This section explains how to test for autocorrelation among the residuals and ensure that there is no multicollinearity. Once the validity criteria have been met it is possible to interpret the model in terms of its content. If this is not the case, the model must be refused.

2.5.1 Heteroscedasticity

Carrying out the regression analysis also presupposes that the residuals of the data have the same variance. This condition is referred to as homoscedasticity, which can be tested by considering the residuals. In SPSS, the following diagram can be created from the example data:

Figure 5: Testing for homoscedasticity

The x-axis shows the regression of the standardized estimated values of the dependent variable; the y-axis shows the standardized residuals. Heteroscedasticity is given when the diagram indicates that a relationship exists between the two variables or that a certain pattern can be discerned. Since this is not the case here, it can be assumed that homoscedasticity is given.

2.5.2 Autocorrelation

Carrying out a regression analysis also presupposes that there is no correlation between the residuals. In SPSS, it is possible to test for an autocorrelation by means of the Durbin-Watson test,

which can assume values between 0 and 4. Here, the following applies: A value of 0 indicates a fully positive autocorrelation, a value of 2 indicates no autocorrelation, and a value of 4 indicates a fully negative autocorrelation.

For the example data, SPSS produces a Durbin-Watson value of 2.011 (see Chapter 3: “Multiple regression with SPSS”) and it can therefore be assumed that autocorrelation is not given.

2.5.3 Multicollinearity

A multiple regression requires the absence of multicollinearity; in other words, independent variables may not be expressed as a linear function of another independent variable. Empirical data usually have some multicollinearity; however, it should not be too strong.

Very strong multicollinearity can result in the regression becoming significant, yet none of the regression coefficients would reach such a result when considered individually. In this case, regression coefficients of the independent variables could also change a great deal if others are included in or removed from the model.

The correlation matrix of all independent variables can serve as an initial indicator of multicollinearity. However, because this matrix can show correlations only in pairs, it is not possible to exclude multicollinearity entirely.

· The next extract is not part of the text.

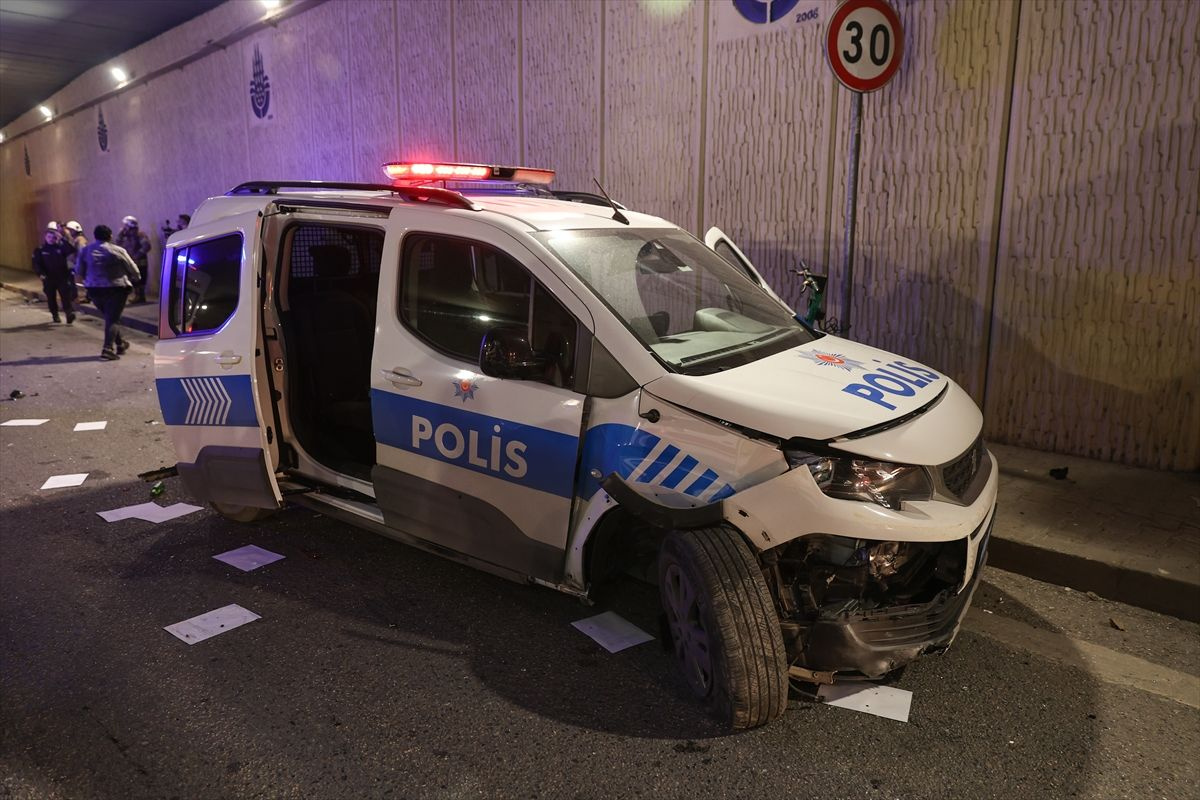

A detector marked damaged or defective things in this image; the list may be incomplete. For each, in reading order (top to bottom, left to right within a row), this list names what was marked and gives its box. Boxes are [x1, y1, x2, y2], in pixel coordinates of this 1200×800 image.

broken windshield [536, 228, 812, 372]
damaged police van [155, 164, 1000, 732]
cracked headlight [784, 446, 932, 510]
crumpled front bumper [784, 516, 988, 680]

In SPSS, two statistics can be calculated for testing the variables for multicollinearity: The tolerance value and the variance inflation factor. The tolerance value is used for estimating if any linear dependencies with other predictors exist and is calculated as follows:

Figure 6: Tolerance value

whereby

= the coefficient of determination of the regression of independent variables Xj on the independent variables of the regression function

The variance inflation factor is the reciprocal of the tolerance value:

Figure 7: Variance inflation factor

The literature describes the following rule of thumb: The tolerance value should not be below 0.10, and the variance inflation factor should not be above 10. According to these authors, multicollinearity is not given if the values are below or above these thresholds. When conducting a regression analysis, SPSS does not include multicollinearity. If multicollinearity is given, it makes sense to recalculate the regression analysis by including only the desired variables.

For this example, the tolerance values are between 0.434 and 0.857, and the variance inflation factor values are between 1.1167 and 2.306 (see Chapter 3: “Multiple regression with SPSS”). It can therefore be assumed that multicollinearity is not given.

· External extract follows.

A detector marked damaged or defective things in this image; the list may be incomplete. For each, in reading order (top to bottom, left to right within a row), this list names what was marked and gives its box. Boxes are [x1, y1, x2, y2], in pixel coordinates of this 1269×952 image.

2.6 Selecting the regression model

This example shows that the available variables provide several options for calculating the regression equation.

For example, a certain variable could be excluded from the equation, which would then be calculated with only 3 or 2 independent variables. It therefore follows that additional variables also allow for a greater number of possible models.

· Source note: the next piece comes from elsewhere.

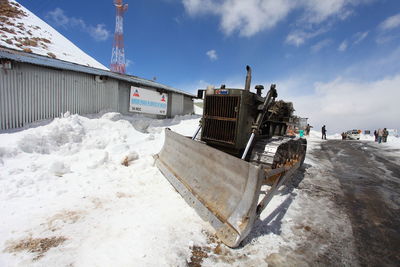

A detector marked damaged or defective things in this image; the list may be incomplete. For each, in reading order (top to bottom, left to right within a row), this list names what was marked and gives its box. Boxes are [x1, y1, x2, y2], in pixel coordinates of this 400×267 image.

rusty metal blade [153, 129, 262, 248]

The default settings in SPSS factor all the independent variables into the regression equation (see the “Linear Regression” dialogue box under “Method: Enter”). In SPSS, it is of course possible to calculate all the possible equations and compare the respective models; however, more variables also mean more work. SPSS offers several possibilities for a simpler comparison of multiple models, for example conducting a stepwise regression analysis (see “Linear Regression” under “Method: Stepwise” in SPSS dialogue box), whereby the variables are included in the model successively.

Here, first the independent variable that has the highest bivariate correlation with the dependent variable is included in the model, followed by the variable with the second highest correlation, and so on – until there is no more variable with a significant correlation.

It may happen that SPSS suggests a particular model for the best possible solution; however, this may not be justifiable for theoretical or content-related reasons because it involves a mathematical analysis. In such cases, it makes sense to opt for a “mathematically” imperfect model, even if it means not being able to explain the same amount of the variance.

SPSS allows also for blocks of independent variables to be included in the regression equation successively. For example, IV1 (“Health expenditure per capita”) and IV2 (“Prevalence of HIV”) can be added as Block 1, followed by IV3 (“Electric power consumption”), IV4 (“Employees in agriculture”), and IV5 (“Fertility rate”) as Block 2. At the same time, every variable can also be included as a separate block. SPSS first produces the regression equation and associated values for Block 1, then for all variables from Block 1 and 2 together, then for Block 1, 2 and 3, etc., making it possible to see how the regression equation and values change when one variable is or several variables are added to the model. By selecting “R squared change” (under “Statistics”), SPSS indicates the increase in the R-square that the additional variable and/or the additional block of variables bring to the model.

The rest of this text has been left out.